• _Task details_
Copy out every line of the data where the word "with" is found.

• _Short text fragments from websites_
--- --- ---
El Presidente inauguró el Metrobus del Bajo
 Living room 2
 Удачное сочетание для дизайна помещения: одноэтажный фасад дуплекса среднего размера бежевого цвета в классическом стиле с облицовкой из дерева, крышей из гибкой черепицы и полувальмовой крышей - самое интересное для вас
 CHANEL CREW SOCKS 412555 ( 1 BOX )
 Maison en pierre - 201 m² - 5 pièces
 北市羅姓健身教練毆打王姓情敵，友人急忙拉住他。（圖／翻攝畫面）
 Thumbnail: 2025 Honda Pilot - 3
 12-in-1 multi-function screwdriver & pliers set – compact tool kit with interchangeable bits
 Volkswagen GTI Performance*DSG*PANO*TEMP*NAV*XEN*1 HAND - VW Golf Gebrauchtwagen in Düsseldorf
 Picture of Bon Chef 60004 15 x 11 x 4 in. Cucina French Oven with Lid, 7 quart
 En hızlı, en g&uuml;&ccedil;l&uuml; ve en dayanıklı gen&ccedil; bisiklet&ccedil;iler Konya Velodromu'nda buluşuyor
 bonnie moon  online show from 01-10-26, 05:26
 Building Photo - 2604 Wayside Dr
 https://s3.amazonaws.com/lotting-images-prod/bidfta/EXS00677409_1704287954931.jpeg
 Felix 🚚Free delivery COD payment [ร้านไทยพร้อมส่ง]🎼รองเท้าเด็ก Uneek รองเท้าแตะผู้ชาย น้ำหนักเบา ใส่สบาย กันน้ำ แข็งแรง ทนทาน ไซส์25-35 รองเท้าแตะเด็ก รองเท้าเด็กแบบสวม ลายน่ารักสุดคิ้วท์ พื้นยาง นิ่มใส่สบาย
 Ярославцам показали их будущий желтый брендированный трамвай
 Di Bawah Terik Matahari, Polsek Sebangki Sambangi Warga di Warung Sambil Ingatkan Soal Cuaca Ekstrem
--- --- ---
• _Response area_
 12-in-1 multi-function screwdriver & pliers set – compact tool kit with interchangeable bits
 Picture of Bon Chef 60004 15 x 11 x 4 in. Cucina French Oven with Lid, 7 quart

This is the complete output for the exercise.